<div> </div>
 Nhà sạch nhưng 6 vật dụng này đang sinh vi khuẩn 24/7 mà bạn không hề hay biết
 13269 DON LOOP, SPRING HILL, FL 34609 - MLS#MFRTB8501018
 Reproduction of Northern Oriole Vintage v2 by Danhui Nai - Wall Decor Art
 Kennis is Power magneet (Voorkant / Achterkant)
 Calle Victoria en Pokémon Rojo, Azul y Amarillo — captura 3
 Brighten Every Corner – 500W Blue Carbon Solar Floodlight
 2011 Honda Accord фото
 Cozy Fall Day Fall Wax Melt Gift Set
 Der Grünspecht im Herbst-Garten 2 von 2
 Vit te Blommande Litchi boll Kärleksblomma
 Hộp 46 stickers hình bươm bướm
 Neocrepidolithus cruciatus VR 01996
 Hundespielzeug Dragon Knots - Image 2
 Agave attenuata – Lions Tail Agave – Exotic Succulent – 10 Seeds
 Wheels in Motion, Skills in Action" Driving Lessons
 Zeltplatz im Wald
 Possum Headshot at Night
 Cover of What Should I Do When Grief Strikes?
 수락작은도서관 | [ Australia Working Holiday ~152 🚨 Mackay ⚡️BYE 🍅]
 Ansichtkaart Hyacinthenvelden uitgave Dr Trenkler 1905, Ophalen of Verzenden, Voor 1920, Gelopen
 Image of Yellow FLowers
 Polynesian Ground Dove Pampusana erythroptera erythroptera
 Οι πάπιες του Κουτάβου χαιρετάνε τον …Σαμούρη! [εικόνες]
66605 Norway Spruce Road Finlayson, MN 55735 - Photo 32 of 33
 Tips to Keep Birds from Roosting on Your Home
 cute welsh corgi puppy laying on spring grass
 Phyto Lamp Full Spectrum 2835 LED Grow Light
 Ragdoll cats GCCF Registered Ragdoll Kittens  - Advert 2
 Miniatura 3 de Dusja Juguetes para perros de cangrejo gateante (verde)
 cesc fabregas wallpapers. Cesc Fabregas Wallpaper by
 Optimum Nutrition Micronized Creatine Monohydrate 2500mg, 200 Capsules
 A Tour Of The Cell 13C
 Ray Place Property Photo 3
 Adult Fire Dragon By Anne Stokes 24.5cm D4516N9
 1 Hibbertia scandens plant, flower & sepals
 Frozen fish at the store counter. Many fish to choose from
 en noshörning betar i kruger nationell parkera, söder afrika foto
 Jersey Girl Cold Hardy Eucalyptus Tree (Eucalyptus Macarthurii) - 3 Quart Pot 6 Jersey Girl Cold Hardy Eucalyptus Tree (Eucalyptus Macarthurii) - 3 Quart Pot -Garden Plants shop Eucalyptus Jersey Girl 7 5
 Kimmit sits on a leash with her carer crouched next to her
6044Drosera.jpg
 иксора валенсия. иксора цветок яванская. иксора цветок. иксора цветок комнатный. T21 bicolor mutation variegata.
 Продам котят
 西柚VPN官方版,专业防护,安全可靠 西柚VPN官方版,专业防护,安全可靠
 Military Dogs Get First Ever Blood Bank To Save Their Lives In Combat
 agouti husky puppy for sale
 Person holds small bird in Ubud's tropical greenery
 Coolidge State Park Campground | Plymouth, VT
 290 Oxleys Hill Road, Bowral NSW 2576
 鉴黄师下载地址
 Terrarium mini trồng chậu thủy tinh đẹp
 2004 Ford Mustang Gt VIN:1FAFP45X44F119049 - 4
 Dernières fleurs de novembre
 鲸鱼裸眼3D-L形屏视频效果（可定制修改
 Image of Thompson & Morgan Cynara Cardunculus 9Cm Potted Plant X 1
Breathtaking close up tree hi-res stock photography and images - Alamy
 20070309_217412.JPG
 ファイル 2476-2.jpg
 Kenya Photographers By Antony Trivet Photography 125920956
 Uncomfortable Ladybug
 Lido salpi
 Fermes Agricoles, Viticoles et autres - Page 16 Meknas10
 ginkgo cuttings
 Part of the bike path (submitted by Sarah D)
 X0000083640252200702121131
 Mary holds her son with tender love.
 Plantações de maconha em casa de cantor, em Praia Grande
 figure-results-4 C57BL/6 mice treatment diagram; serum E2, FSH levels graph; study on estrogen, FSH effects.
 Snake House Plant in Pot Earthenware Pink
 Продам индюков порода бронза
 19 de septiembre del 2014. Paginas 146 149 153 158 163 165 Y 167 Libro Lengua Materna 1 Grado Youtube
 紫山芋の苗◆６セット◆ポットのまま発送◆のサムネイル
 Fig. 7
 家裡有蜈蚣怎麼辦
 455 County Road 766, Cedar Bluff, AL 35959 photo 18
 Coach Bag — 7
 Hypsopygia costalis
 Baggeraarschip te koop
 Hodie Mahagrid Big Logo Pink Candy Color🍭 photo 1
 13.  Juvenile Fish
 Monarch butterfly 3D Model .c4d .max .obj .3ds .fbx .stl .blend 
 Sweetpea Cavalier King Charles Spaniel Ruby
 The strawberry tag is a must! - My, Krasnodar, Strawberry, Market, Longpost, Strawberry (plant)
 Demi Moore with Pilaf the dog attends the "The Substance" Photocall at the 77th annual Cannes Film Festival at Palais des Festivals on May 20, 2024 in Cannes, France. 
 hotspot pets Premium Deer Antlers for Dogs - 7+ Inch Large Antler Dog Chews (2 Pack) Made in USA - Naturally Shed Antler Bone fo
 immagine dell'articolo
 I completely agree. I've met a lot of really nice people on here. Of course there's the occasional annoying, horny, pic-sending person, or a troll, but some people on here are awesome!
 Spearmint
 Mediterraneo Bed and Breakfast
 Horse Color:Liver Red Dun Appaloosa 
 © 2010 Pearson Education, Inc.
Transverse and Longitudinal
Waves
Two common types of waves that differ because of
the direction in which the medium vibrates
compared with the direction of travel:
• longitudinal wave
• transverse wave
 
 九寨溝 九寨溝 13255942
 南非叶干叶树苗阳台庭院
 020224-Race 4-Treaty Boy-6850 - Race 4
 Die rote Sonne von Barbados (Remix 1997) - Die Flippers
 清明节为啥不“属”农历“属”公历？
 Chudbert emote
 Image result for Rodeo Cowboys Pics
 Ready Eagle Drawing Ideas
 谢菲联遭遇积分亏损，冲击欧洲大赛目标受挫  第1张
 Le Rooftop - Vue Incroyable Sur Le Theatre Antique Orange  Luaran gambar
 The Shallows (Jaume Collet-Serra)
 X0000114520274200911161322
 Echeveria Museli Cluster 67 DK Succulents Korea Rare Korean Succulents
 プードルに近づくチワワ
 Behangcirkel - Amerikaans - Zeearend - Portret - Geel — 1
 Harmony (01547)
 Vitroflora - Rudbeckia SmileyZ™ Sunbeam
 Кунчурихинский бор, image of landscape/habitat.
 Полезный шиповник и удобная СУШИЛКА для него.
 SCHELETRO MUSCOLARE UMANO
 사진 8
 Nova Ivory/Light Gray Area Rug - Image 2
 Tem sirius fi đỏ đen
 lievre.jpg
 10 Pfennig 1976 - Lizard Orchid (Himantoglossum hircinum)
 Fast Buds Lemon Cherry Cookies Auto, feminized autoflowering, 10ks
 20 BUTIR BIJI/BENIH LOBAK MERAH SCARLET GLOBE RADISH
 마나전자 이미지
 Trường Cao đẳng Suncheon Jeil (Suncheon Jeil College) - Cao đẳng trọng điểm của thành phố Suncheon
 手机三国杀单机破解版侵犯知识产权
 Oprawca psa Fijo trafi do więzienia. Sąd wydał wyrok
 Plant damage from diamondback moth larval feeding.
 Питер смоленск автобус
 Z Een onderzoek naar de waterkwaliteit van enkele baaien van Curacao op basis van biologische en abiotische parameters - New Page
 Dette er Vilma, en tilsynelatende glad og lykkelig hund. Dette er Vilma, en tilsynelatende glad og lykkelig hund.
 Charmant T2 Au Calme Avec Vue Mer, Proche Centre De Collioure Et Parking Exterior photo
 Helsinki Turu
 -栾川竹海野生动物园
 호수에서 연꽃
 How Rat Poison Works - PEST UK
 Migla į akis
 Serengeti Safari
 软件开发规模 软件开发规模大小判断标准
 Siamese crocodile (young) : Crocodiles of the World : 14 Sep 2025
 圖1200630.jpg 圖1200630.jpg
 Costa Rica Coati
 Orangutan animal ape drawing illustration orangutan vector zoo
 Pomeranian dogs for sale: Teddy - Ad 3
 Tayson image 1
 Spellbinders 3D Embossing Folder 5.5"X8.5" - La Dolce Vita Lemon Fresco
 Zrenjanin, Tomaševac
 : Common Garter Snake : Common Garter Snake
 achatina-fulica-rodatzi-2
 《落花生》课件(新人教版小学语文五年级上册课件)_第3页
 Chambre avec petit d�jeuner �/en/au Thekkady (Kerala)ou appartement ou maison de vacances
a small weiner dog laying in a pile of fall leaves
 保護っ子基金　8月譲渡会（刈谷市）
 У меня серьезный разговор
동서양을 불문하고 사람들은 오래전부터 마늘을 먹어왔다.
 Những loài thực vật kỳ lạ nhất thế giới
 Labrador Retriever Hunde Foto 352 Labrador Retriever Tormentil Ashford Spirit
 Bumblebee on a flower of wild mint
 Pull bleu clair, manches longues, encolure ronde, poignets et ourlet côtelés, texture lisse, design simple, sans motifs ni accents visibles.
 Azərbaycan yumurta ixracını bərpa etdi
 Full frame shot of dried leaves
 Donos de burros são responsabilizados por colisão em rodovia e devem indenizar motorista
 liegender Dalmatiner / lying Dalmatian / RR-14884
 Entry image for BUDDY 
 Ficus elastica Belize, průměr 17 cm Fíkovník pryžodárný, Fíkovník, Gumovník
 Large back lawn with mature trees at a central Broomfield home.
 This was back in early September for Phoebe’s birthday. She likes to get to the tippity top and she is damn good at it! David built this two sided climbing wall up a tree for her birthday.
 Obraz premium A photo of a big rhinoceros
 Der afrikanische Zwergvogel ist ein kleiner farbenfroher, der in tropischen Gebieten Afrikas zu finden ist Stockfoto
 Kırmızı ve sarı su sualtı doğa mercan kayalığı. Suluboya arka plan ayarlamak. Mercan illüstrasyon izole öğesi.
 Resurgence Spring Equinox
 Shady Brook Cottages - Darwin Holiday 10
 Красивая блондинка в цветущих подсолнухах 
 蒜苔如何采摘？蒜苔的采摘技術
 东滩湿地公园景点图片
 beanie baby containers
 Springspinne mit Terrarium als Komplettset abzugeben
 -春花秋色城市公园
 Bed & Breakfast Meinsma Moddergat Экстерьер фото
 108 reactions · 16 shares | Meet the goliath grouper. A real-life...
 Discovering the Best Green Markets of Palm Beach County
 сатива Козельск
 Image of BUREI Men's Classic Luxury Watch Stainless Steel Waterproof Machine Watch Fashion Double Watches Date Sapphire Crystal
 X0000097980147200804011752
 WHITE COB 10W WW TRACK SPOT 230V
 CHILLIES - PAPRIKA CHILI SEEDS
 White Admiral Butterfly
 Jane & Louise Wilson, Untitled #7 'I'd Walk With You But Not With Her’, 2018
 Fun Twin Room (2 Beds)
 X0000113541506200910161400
§ §
What the task asks: An exact copy of the lines from the one containing "CHILLIES - PAPRIKA CHILI SEEDS" through the end of the data above is the whole answer.

Reply to the exercise:
 CHILLIES - PAPRIKA CHILI SEEDS
 White Admiral Butterfly
 Jane & Louise Wilson, Untitled #7 'I'd Walk With You But Not With Her’, 2018
 Fun Twin Room (2 Beds)
 X0000113541506200910161400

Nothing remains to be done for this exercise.